# [Given data]

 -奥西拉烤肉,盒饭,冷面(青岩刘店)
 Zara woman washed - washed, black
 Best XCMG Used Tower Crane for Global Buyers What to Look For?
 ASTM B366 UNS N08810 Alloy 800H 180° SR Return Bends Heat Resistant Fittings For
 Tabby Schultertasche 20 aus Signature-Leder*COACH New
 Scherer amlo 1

==

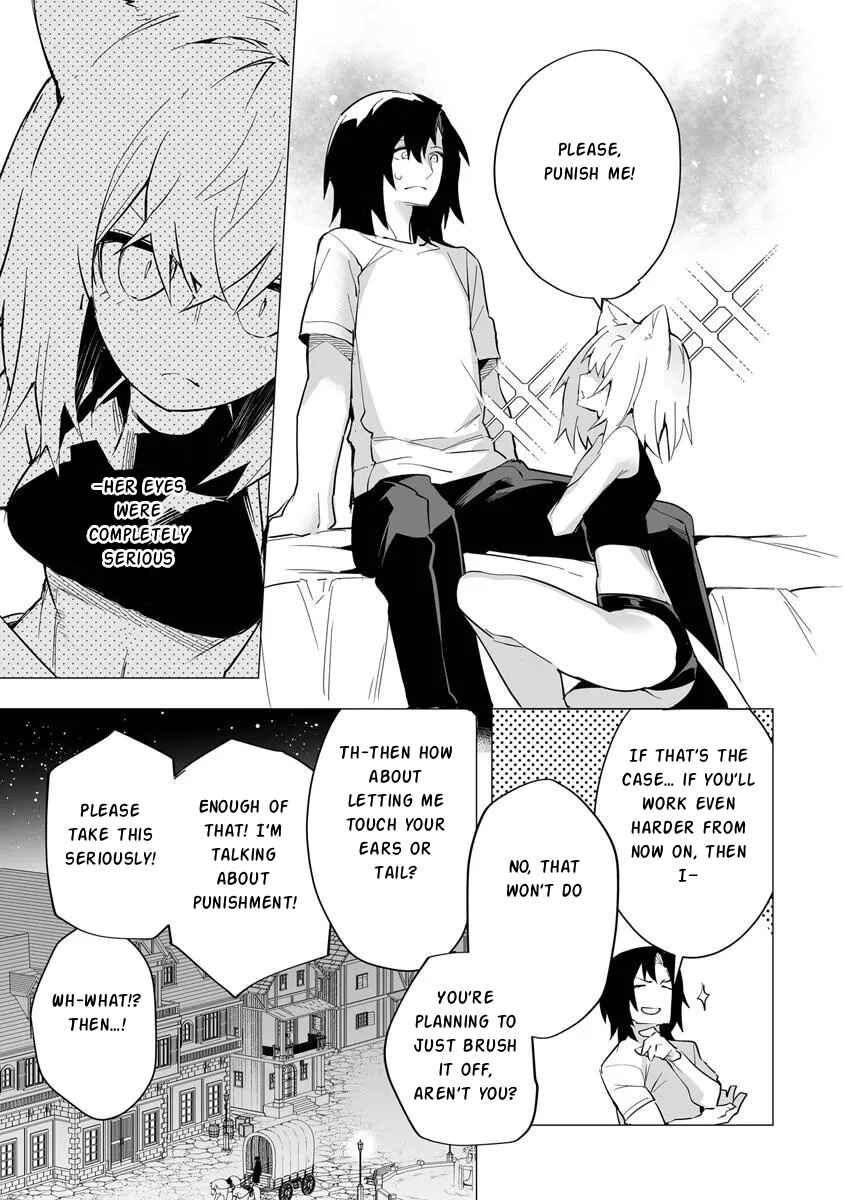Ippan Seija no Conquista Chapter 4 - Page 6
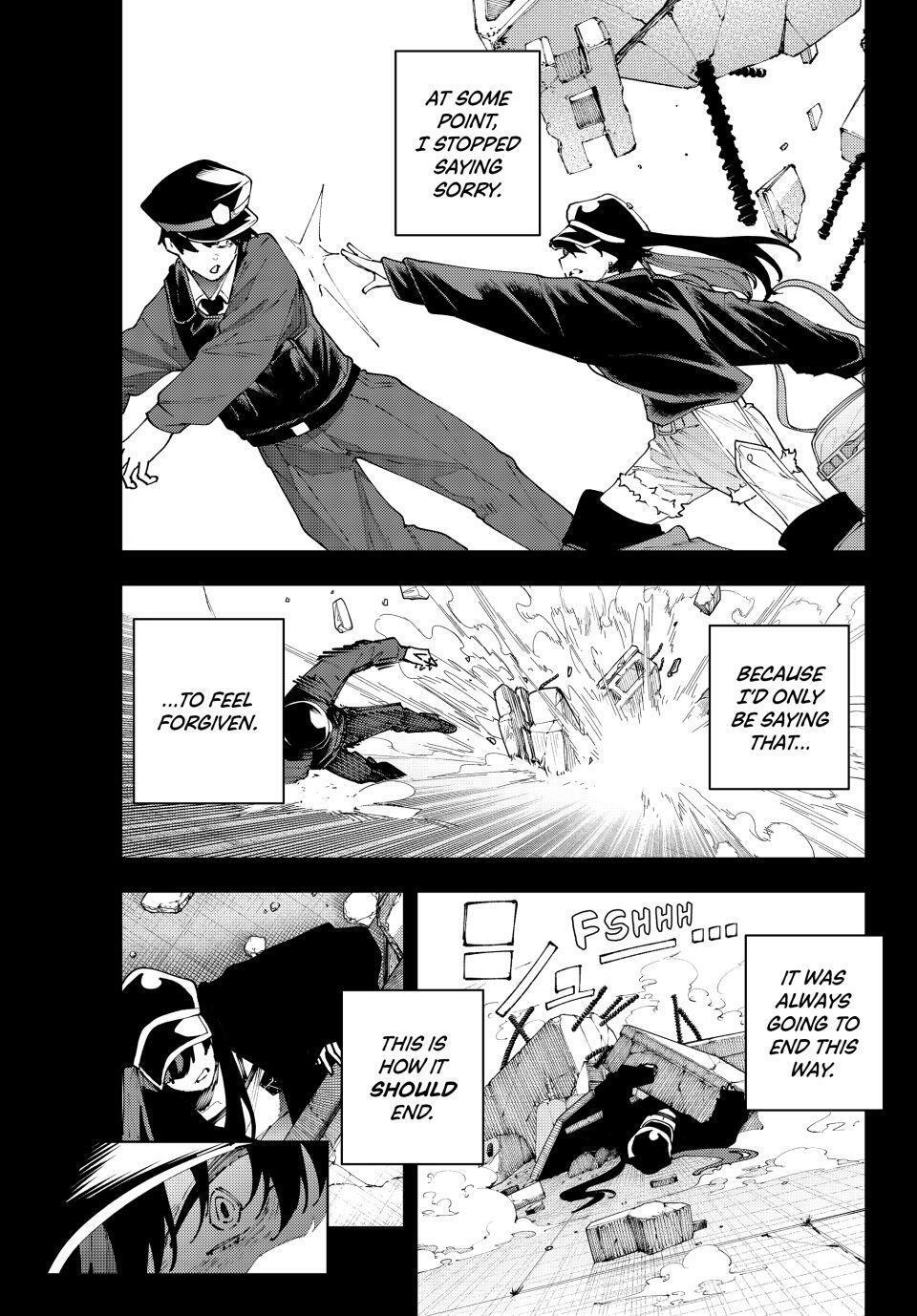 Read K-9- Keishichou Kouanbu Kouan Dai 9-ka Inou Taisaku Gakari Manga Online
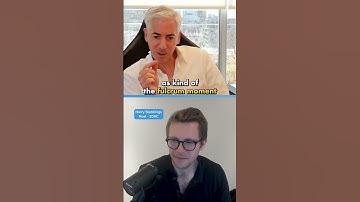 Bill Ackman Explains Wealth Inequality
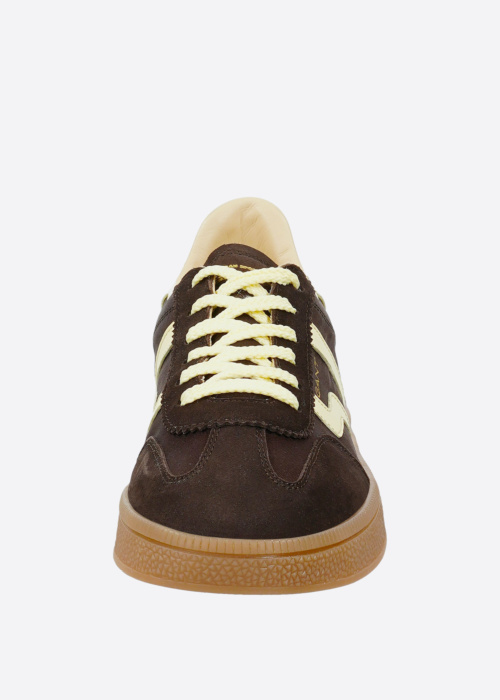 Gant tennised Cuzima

# [What you should do]
Starting at the line that has "-奥西拉烤肉,盒饭,冷面(青岩刘店)" and ending at the line that has "Scherer amlo 1", please write out the lines above exactly, leaving out all others.

# [Solved problem]
 -奥西拉烤肉,盒饭,冷面(青岩刘店)
 Zara woman washed - washed, black
 Best XCMG Used Tower Crane for Global Buyers What to Look For?
 ASTM B366 UNS N08810 Alloy 800H 180° SR Return Bends Heat Resistant Fittings For
 Tabby Schultertasche 20 aus Signature-Leder*COACH New
 Scherer amlo 1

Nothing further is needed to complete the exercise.